Some disappointments

I have written in these pages about some disappointments I had after coming back to Seattle, the nature of which made me reset my expectations out of life and closest and dearest friends. Not all of them were entirely unexpected, but many were, and it was a lot to go through, and such  big freaking deal that it took me weeks to recover from entirely, psychologically speaking. It's not just that I'm a big weenie, which I may or may not be, but I'm usually not that expectant of life-changing circumstances, which I went through.

Something of similar nature has happened yet again, which has caused me to go stronger into my attempts to realign the vision for my life going forward and take significant steps towards a new direction. I have considered if this might be an overreaction to an aberration and if I'm extending two or three datapoints to an entire trend that might not exist at all. And even if that were to be the case, the realignment would make sense still, I've come to internalize.

To put it shortly and without hitting around the bush, people I expected to be aligned with me completely politically are not so, and in confounding ways. And confounding is the only word I can use. Because how the hell else could Nepali girls, who grew up in Nepal for 20 years and came to the US, have stayed here for the better part of the decade, be outstandingly sexist. And not just that, discovering that the person you found sexist might actually be one of the more liberal people around and that their other Nepali female friends don't like to talk politics much because they don't want to get into uncomfortable conversations was, let me put it clearly and precisely, mindblowing. A large, if not all, portion of the above population went to women's colleges and schools, actually all of them, and are like shockingly, confusingly, numbingly sexist and conservative. It doesn't make sense. Nothing in the world makes any fucking sense since I moved to Seattle.
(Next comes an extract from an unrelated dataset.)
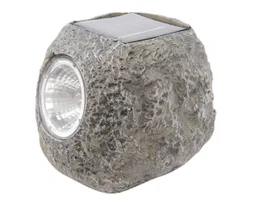 Rocher Solaire 2 Lumen Gris Lumineo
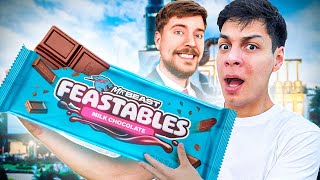 PROBANDO LOS NUEVOS CHOCOLATES DE MRBEAST [upl. by Eelram]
So that's about it. It was a big disappointment, but something I kind of suspected and had suppressed the conversation of and it was not great digging deep and having that conversation. If I could wipe my memory of those conversations, I would have, because nothing was gained, and all the respect was lost (well not really, but still). It is not great. And now I'm forced to, yet again, realign my worldview and hold views near and dear to me more steadfastly, and also made to work towards destroying the fucking monstrosity that is the conservative Nepali society. Again something I'd rather not think about or worry to much for, but here we are. Yet again. Bummmmer.